> **Work to be completed**: Could you report every line from the entries that includes the word "para"?

> **Exercise inputs**:

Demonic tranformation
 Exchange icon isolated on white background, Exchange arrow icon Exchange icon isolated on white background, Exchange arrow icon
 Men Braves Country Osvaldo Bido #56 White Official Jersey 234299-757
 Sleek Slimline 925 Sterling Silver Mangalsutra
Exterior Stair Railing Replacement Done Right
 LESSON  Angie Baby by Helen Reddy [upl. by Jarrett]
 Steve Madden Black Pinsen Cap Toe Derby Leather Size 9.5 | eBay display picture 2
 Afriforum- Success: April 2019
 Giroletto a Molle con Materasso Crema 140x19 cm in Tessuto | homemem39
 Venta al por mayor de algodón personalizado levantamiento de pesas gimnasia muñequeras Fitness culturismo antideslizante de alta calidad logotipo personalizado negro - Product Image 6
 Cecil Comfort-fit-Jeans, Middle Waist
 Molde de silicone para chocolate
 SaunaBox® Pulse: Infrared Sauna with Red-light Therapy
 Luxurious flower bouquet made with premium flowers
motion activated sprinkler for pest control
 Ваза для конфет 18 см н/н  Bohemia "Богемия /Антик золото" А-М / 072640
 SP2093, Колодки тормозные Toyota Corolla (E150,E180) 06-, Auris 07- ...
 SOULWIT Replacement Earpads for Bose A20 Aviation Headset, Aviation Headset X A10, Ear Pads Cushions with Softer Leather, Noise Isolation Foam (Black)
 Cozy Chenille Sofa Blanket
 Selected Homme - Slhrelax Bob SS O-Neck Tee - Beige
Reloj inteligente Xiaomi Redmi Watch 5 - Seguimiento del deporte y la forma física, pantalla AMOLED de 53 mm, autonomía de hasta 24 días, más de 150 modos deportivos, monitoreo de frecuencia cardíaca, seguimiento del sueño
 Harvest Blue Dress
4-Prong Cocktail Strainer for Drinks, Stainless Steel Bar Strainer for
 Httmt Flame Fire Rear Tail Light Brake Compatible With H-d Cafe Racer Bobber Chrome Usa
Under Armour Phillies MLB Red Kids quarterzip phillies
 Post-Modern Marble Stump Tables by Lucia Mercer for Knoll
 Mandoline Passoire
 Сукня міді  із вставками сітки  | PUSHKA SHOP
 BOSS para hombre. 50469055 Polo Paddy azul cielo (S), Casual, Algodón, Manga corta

> **Response to the exercise**:
 Molde de silicone para chocolate
 BOSS para hombre. 50469055 Polo Paddy azul cielo (S), Casual, Algodón, Manga corta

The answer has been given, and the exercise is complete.